The antibody test looks for a "lock and key" with the spike protein. But a real virus is a 3-D shape with multiple surface proteins and other molecules attached. In general an antibody will match to any possible structure the real virus coat can make. For instance, it could match to part of a spike protein and part of another spike protein and/or some area of the surface in between. Note: I am not 100% certain of the shape and dimensions of the surface of SARS-cov-2 because I haven't really looked into it (don't care) but this is how it works in general. An Ab can match to any part of the viral body surface. You could have such antibodies from previous exposure (or this exposure).
So if you don't match to the spike protein, that doesn't mean you don't match to the virus. It CAN mean that, but it doesn't necessarily mean that.
It's also possible that an Ab for some other coronavirus is a sufficient match that it causes an immune response.

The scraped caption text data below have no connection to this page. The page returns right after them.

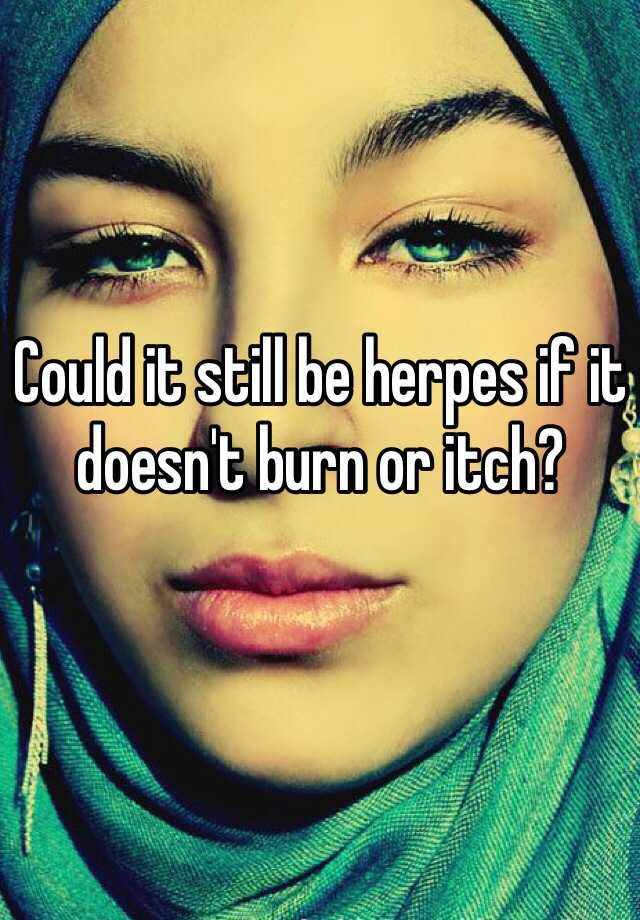 could-it-still-be-herpes-if-it-doesn-t-burn-or-itch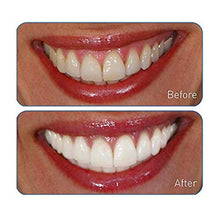 Load image into Gallery viewer, Go Smile Premium 2-In-1 Teeth Whitening System: Electric Tooth Brush+Teeth Whitening Gel For Healthier & Brighter Teeth | Instant Results, Safe On Dental Work, Crowns, Veneers, Bonding+More (Silver)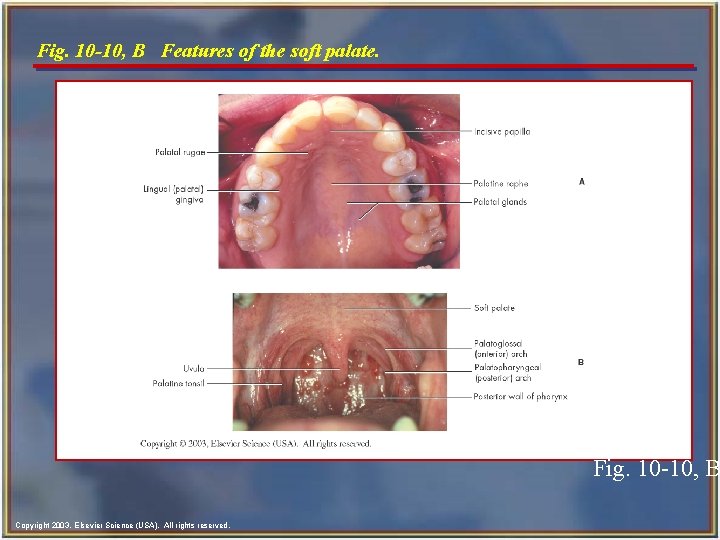Fig. 10 -10, B Features of the soft palate. Fig. 10 -10, B Copyright Fig. 10 -10, B Features of the soft palate. Fig. 10 -10, B Copyright
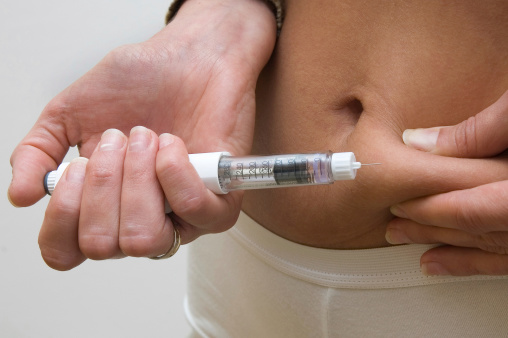 Az inzulinpumpa-kezelésről és felírhatóságáról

It could also mean that you encountered it, but it couldn't take hold because you are not vitamin deficient and your cells just fought it off. It could even be some genetic reason, like a slightly different ACE-2 protein structure that decreases binding with SARS-cov-2.
TL;DR Yes.
The most evil part of all of this is making everyone mask or vaccinate for someone else OR ELSE. If you don't protect yourself and other people, we'll kill you!
That's why you didn't get sick.
Everybody I talked to over the last year that gotten C19 had previously received a flu shot. I have yet to find anyone that never received the flu shot that get C19.
Yes, I think it's quite possible.
Don't forget selenium
T and B cells far outlast the antibodies and give essential immunity after prior Covid infection. I tested negative for antibodies 2 months after I had covid. preliminary data suggest T cell immunity will last at least 4-7 years and even after would likely block one from having a moderate-severe case to covid. Issue is the mutation pressures the vaccine may cause on the virus will likely create variants adapted to bypassing that immunity for us and vaccinated people which is the main issue I have with this vaccination campaign.